= Beginning of Section =

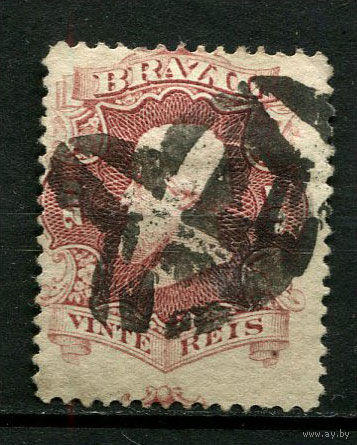 Бразилия - 1866 - Император Бразилии Педру II - 20R - [Mi.24a] - 1 марка. Гашеная.  (Лот 43BV)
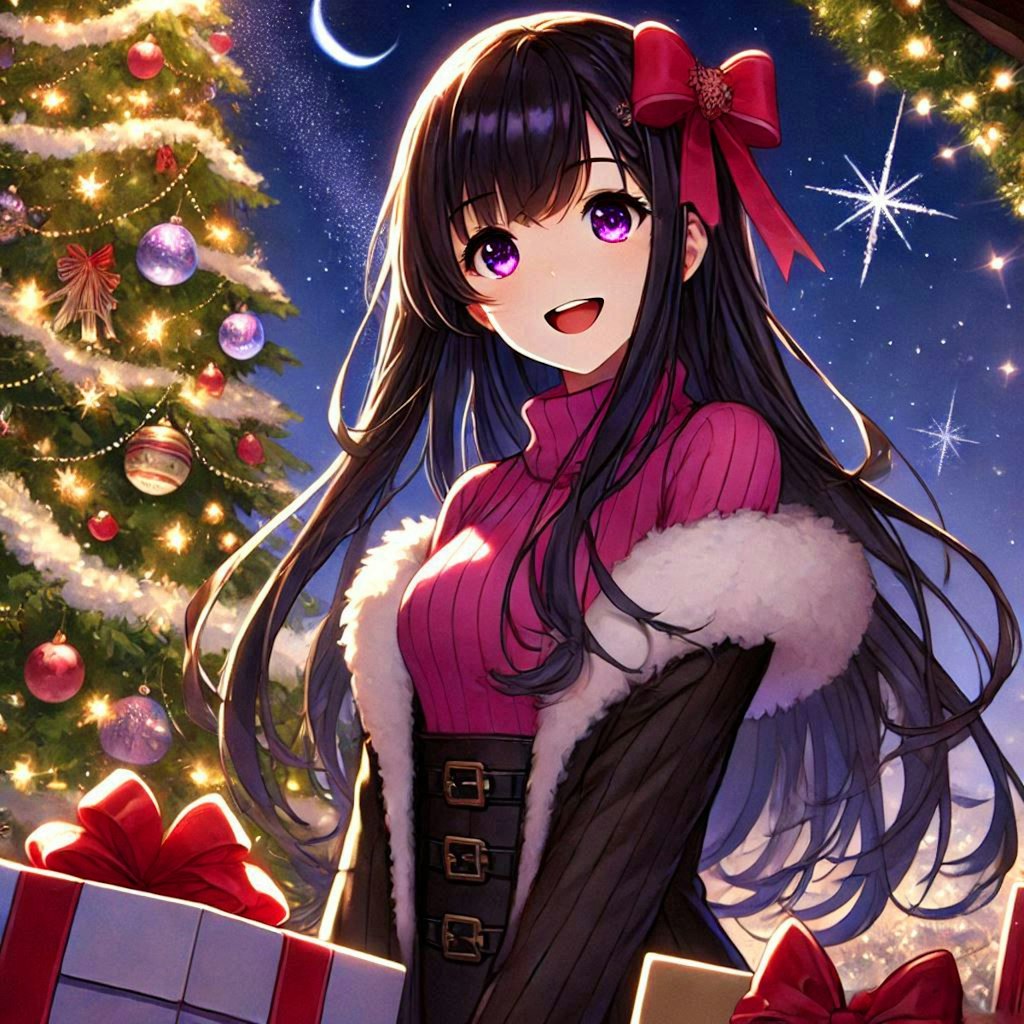 クリスマスプレゼントと、黒髪ロング少女♥(6枚)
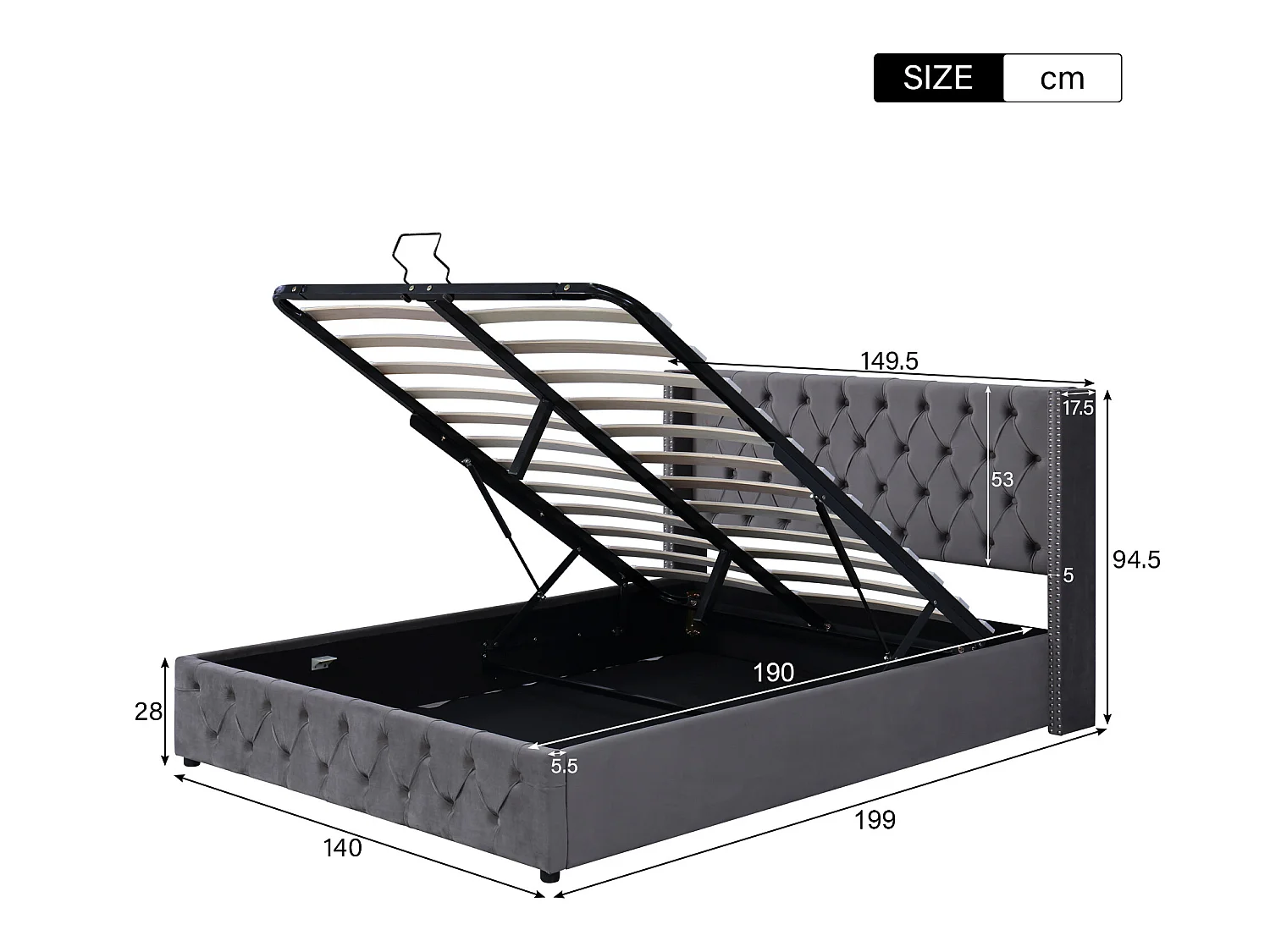 140 x 190 cm großes Samtbett mit Lattenrost – Grau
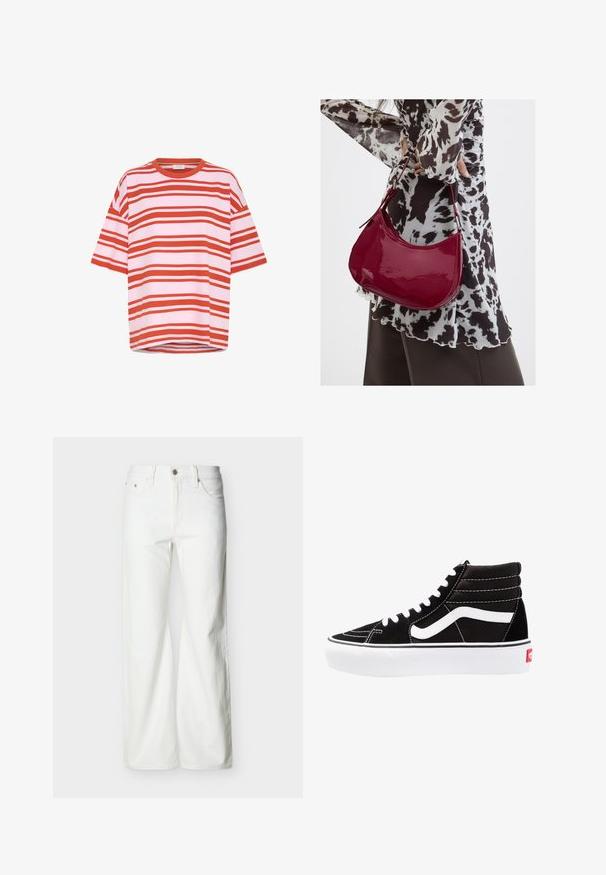 Rood en wit gestreept T-shirt met korte mouwen, gemaakt van zachte stof met een relaxte pasvorm en ronde hals, met horizontale lijnen.; Witte jeans met rechte pijpen en hoge taille, voorzien van een knoopsluiting aan de voorkant, rits, en zij- en achterzakken, tegen een effen lichte achtergrond.; Zwarte high-top sneakers met witte veters, een wit logo en contrasterende witte stiksels. Heeft een dikke witte zool en een bovenwerk van gestructureerd suede.; Vrouw met een zwart-wit gebloemde blouse houdt een glanzende rode schoudertas vast tegen een effen achtergrond.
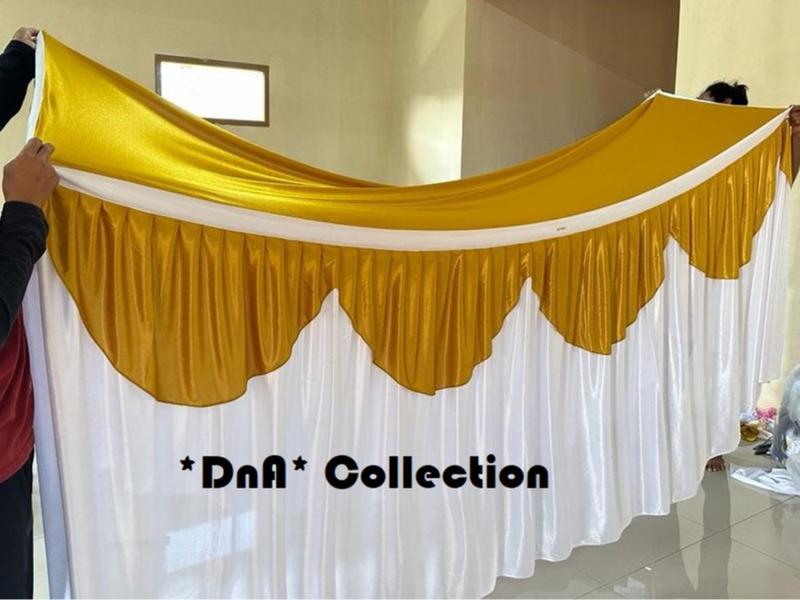 Cover Meja Prasmanan Renda Gelombang 150 x 75 x 75 cm - Kain Premium & Pilihan Warna Bebas - Taplak, Dekorasi 3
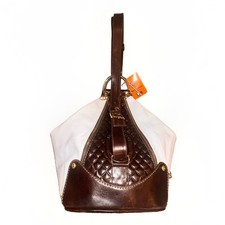 MARINO ORLANDI Embossed Sling Bag/Backpack-Tote  Leather Cream-Brown $995 NWT picture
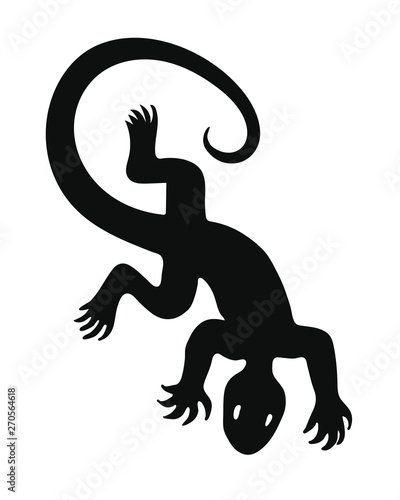 Hand drawn black lizard tattoo pattern in maori or tribal style on white background. Black isolated decorative backdrop vector illustration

= End of Section =

Task statement |
Write out verbatim the lines from the one containing "MARINO ORLANDI Embossed" through the last line of the listing above, and no other lines; omit pictures.

Result for this task |
 MARINO ORLANDI Embossed Sling Bag/Backpack-Tote  Leather Cream-Brown $995 NWT picture
 Hand drawn black lizard tattoo pattern in maori or tribal style on white background. Black isolated decorative backdrop vector illustration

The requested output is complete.